May I say that I am always glad to send some of our individualist tracts to any person who writes to me?

I am, very faithfully, Auberon Herbert.
Old-House, Ringwood, November 14th.

MR. GREENWOOD'S SECOND LETTER.

To the Editor of "The Times":

Sir: If the question is whether Mr. Herbert Spencer is right in endeavoring to purify the conduct of public affairs and discharge it of error by establishing a system of "absolute political ethics, or that which ought to be," I submit that he need not have said so much as he has lately said in your columns. Who doubts that he is right? Who doubts that he is wisely and nobly employed when his business is to discover the bases of true political morality, and to exhort mankind never to lose sight of them, whatever may be the stress of expediency or compulsion in the world as we find it? But is that the question that was raised on the conversation between Mr. Laidler and Mr. Morley at Newcastle? Not at all. By that conversation we saw in a remarkably plain way that large numbers of the most intelligent and powerful representatives of labor in this country had derived from Mr. Spencer's teaching these conclusions: That private property in land is a public wrong based on force and fraud, and that to right one wrong it is sometimes necessary to do another. This they took to be a lesson in practical politics; and what it points to, in practice, is perfectly clear. Resume possession of the stolen land, if you please, for as private property it still is, and under its present ownership it must ever remain, a wrong to the community. For the rest, though compensation must be made for whatever is in the land which was not in it when it was stolen, yet to right one wrong it is sometimes necessary to do another. That is the point for attention as the matter stands at present. For though Mr. Spencer tells the people, as he could and should have told them from the first, that just compensation would entail a disastrous outlay, infallibly to become more disastrous through inferior management of the land by public officials, what of that if, to right one wrong, it is sometimes necessary to do another? What of just compensation, if it makes a standing crime against the community completely irremediable, and if the people are at liberty to decide whether this is not a case where to right one wrong it is necessary to do another? The point has been actually considered by labor societies and the leaders of the new Socialist movement all over the country, and it seems quite clear that the Newcastle Labor Electoral Association, for one, has come to the conclusion that, morally, there need not be much punctilio about compensation.

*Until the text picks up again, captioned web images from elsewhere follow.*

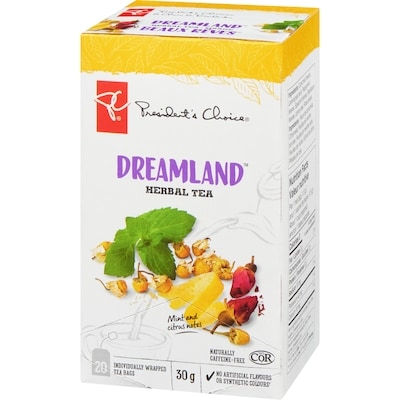 Dreamland Herbal Tea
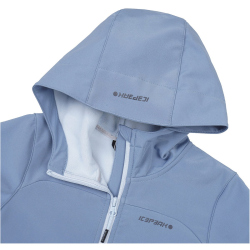 ICEPEAK Kobryn S8 Softshelljacke Kinder 318 - light blue 116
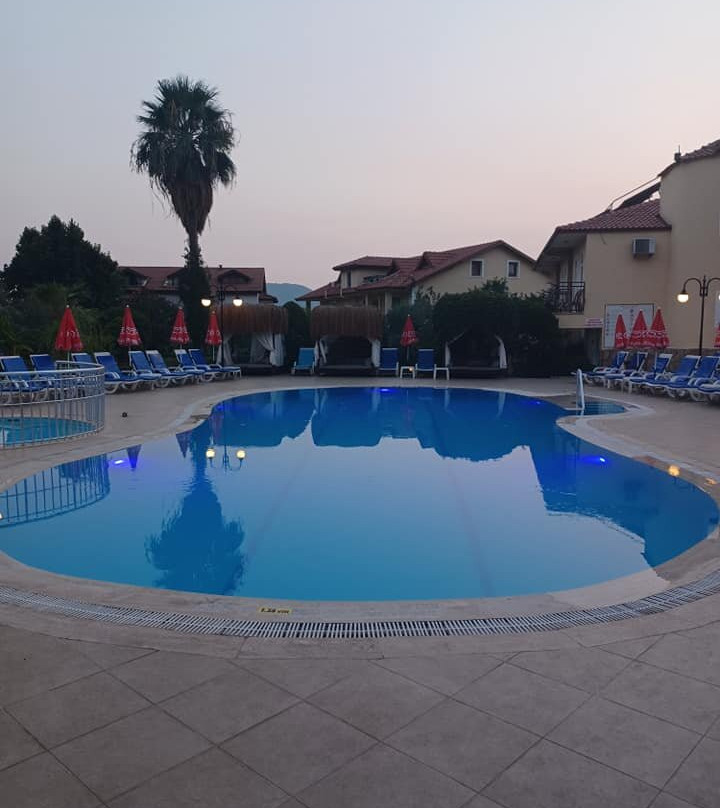 Gökçen Hotel & Suites主图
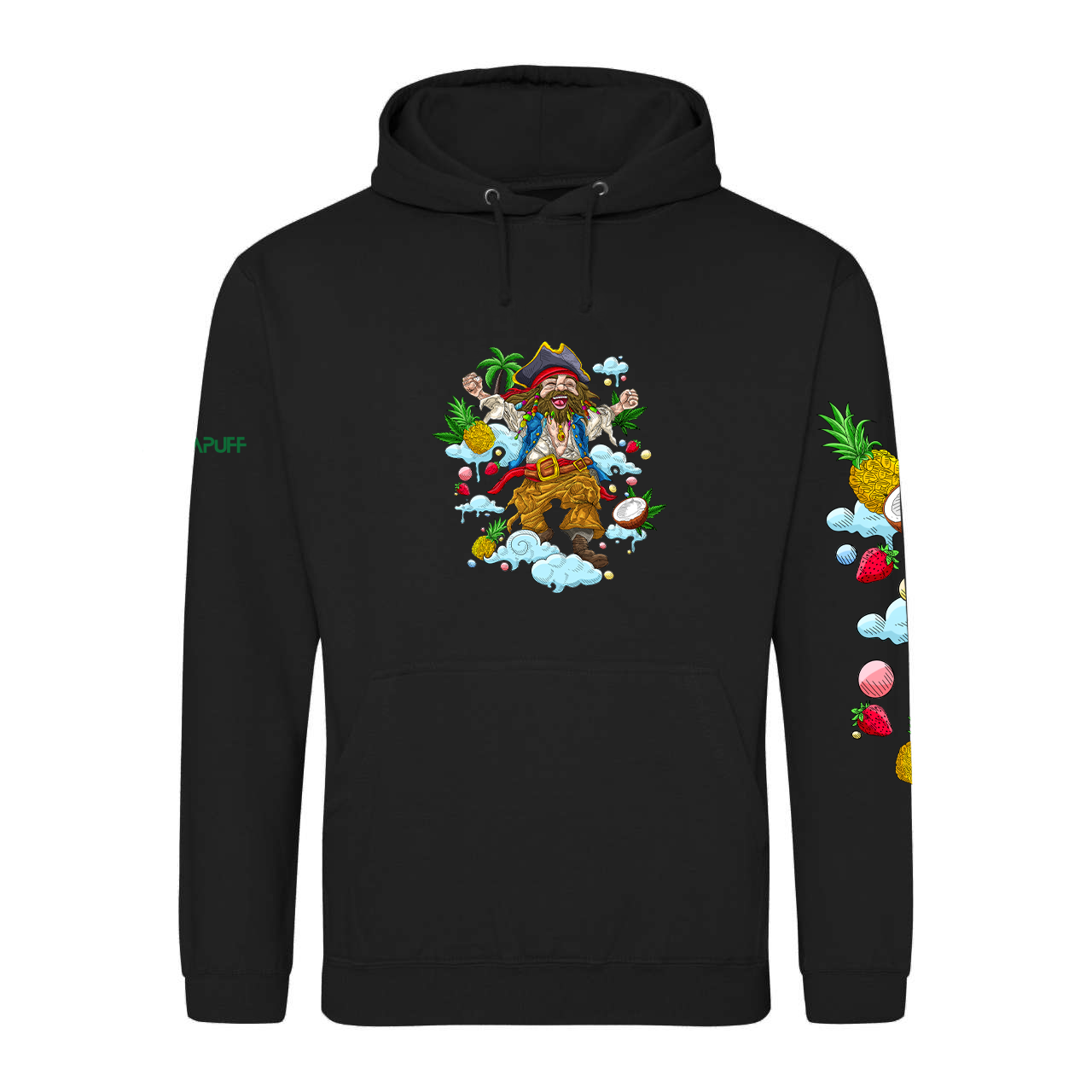 Sweatshirt Caribbean Breeze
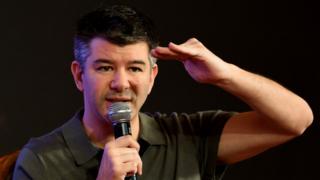 Travis Kalanick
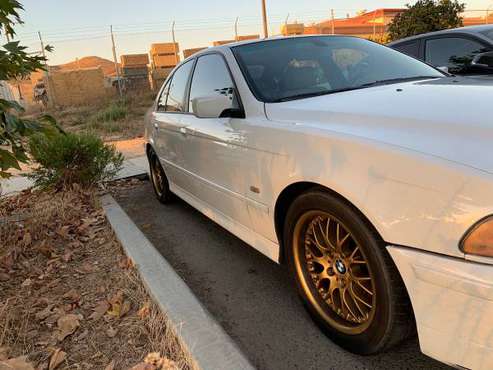 2002 BMW E39 530i for sale in Camp Pendleton, CA
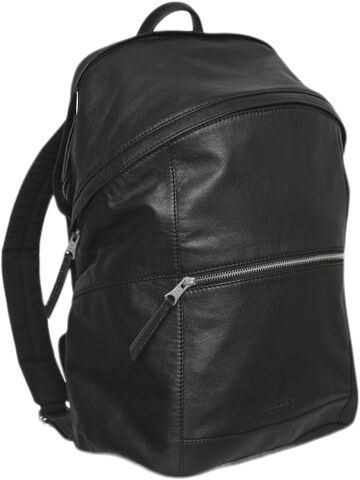 MAfixon Daypack Leather Leather Bag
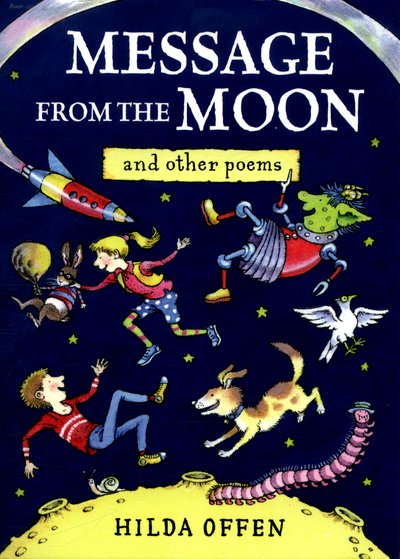 Cover for Hilda Offen · Message from the Moon: And Other Poems (Paperback Book) (2017)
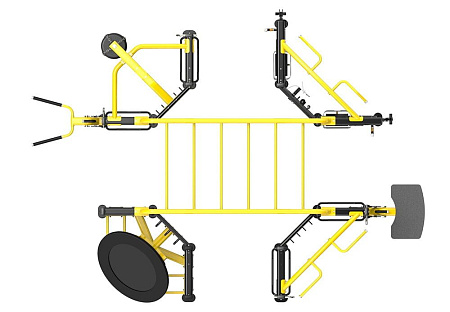 IZ-O shape Impulse | Aerofit Professional | aerofit-russia.ru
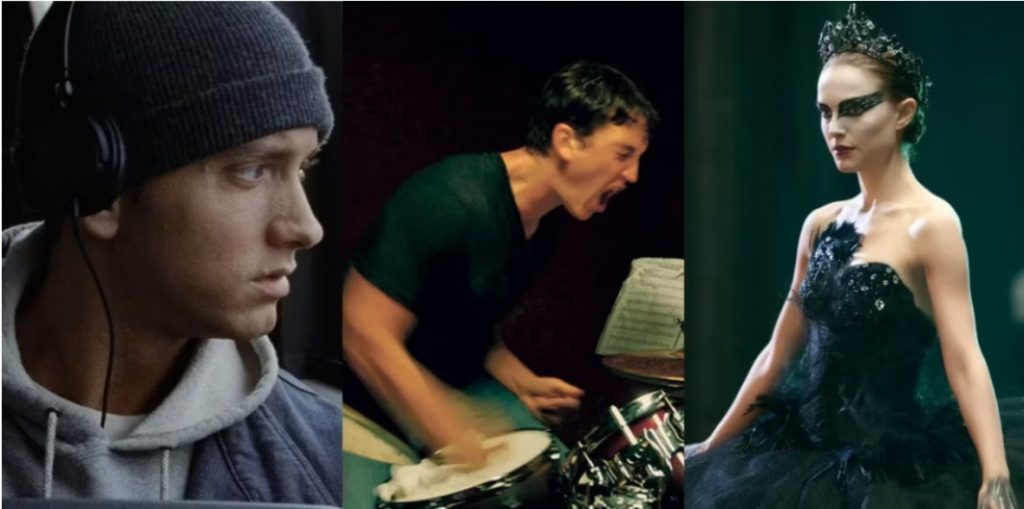 Movies like whiplash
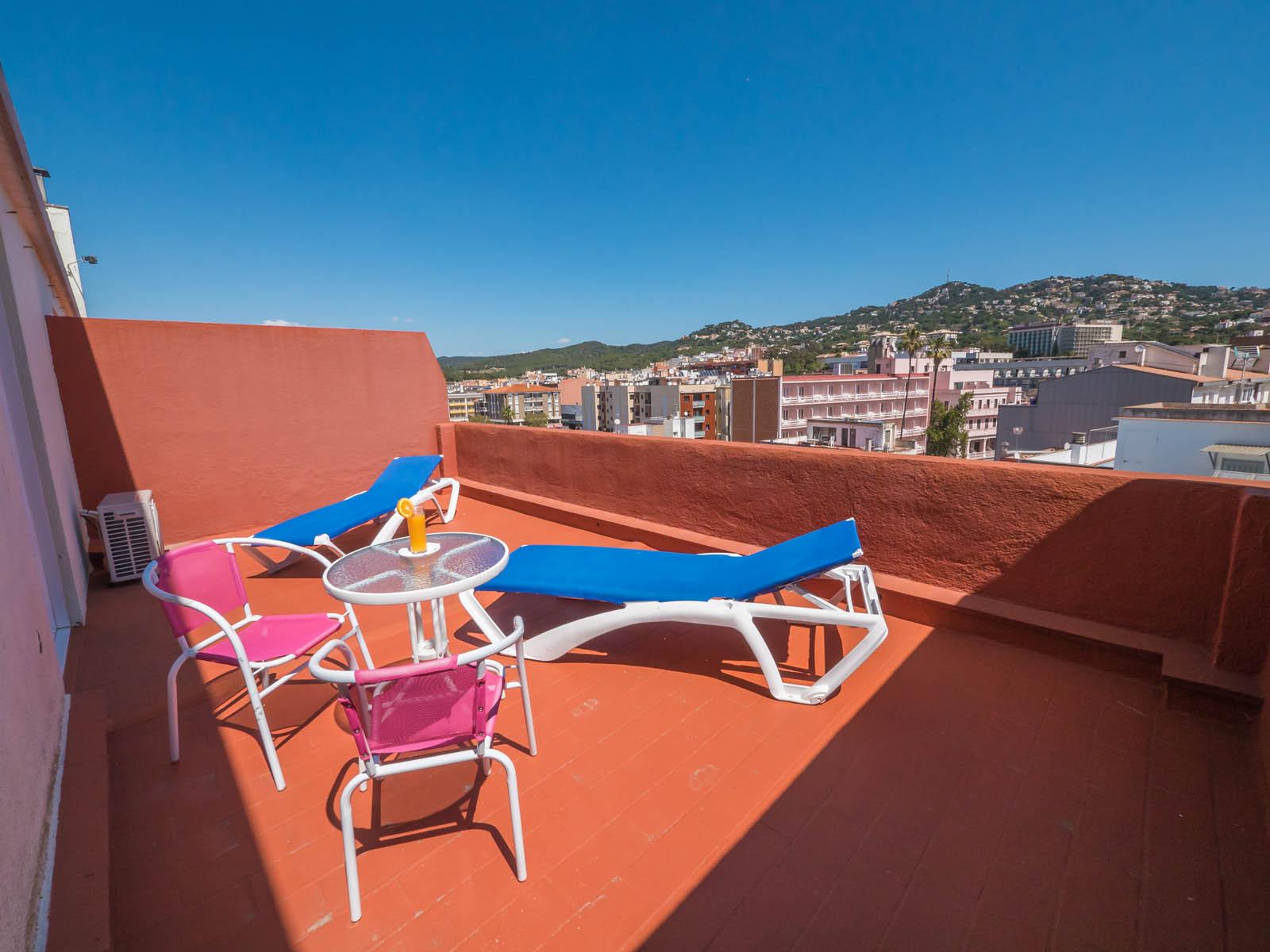 Hotel Golden Sand Lloret de Mar Exterior photo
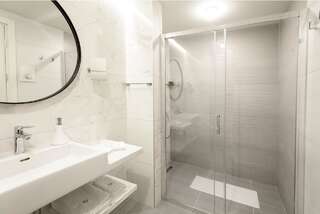 Отель Hotel Gradska Cetinje Цетине Двухместный номер с 1 кроватью-7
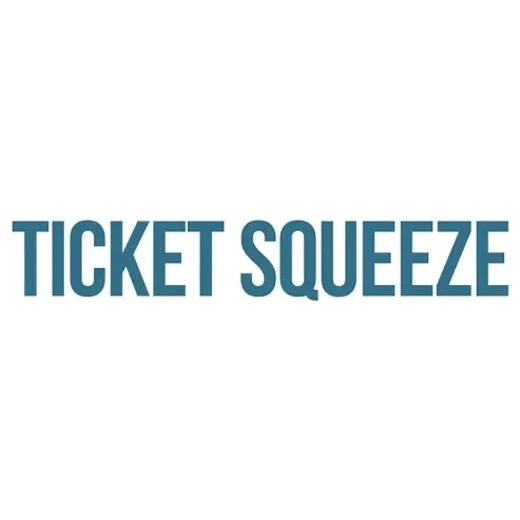 ticketsqueeze brand logo for ticketsqueeze.com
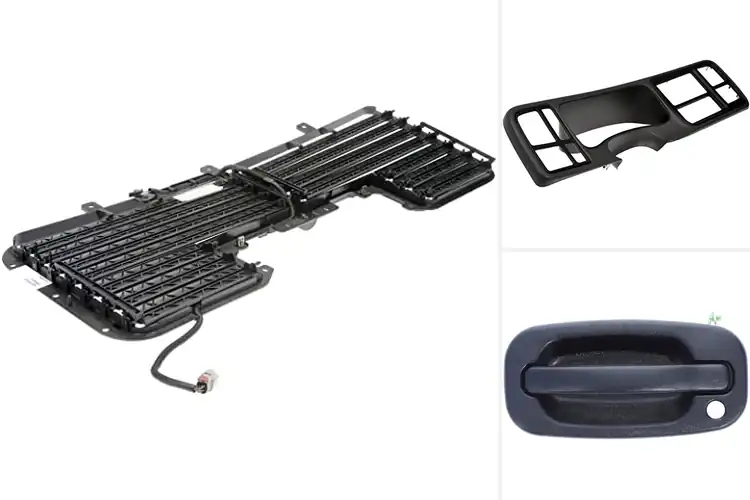 Detailed view of Best Verified Fit For Select Chevrolet GMC Models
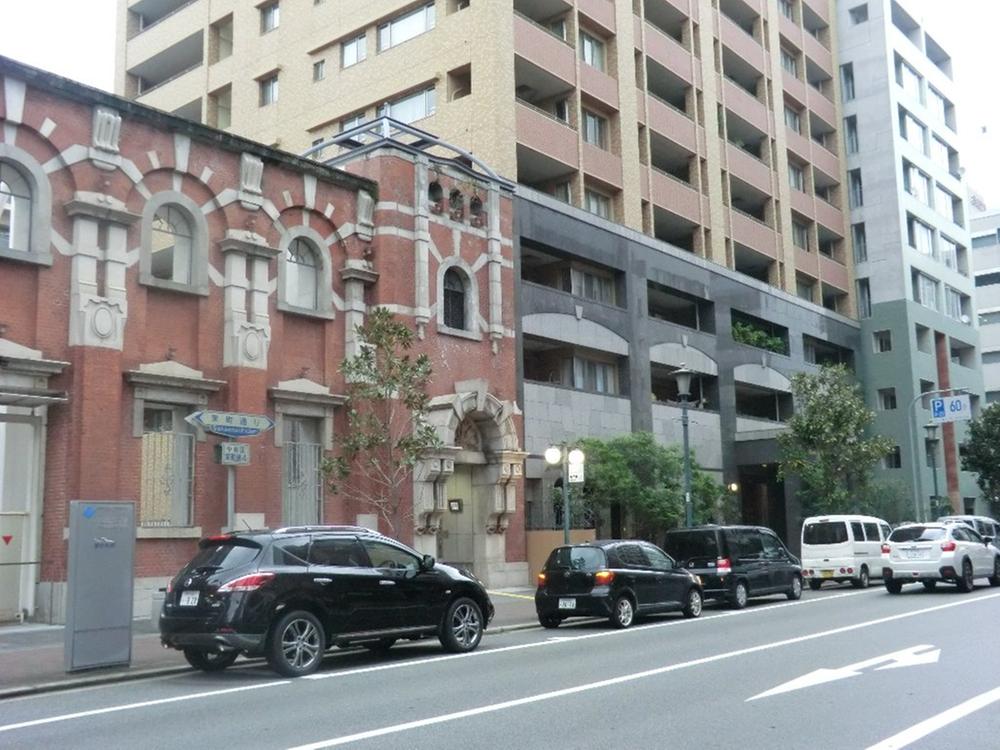 Other. Subway coastline "Minato Motomachi" station building adjacent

But perhaps Mr. Spencer has never said that to right one wrong it is sometimes necessary to do another. In one of his letters to "The Times" he wrote that he could not be positive whether he had or not; which seems to imply that he would not be surprised to learn that at one time or another he had included this doctrine in his teaching of absolute political ethics. Be that as it may, however, he could have told us when he was challenged on the subject whether this is his teaching now or not. He has written three letters; we remain in the dark on the most important point of all, and at the close of an argument entirely occupied with a defense of propagating "absolute political ethics" Mr. Spencer announces his determination to go no further with the controversy. Meanwhile here is Mr. Laidler in his old position, and here left. To be sure, it seems difficult to include the dogma he rests upon in any system of absolute political ethics; and if Mr. Spencer had not said that he could not be sure that he had never preached it, we might conclude without further inquiry that the doctrine had never been his. As matters stand it would be an extremely good thing if he could assert that he does not hold it now, anyway. That done, his counsel against the nationalization of the land as a fatally bad bargain (since it must be carried out on just compensation principles if at all) would have full effect. It is to be hoped that Mr. Laidler's questions in "The Times" of to-day will be answered, and they will be if Mr. Spencer does not turn his back on doubting disciples who cry to him.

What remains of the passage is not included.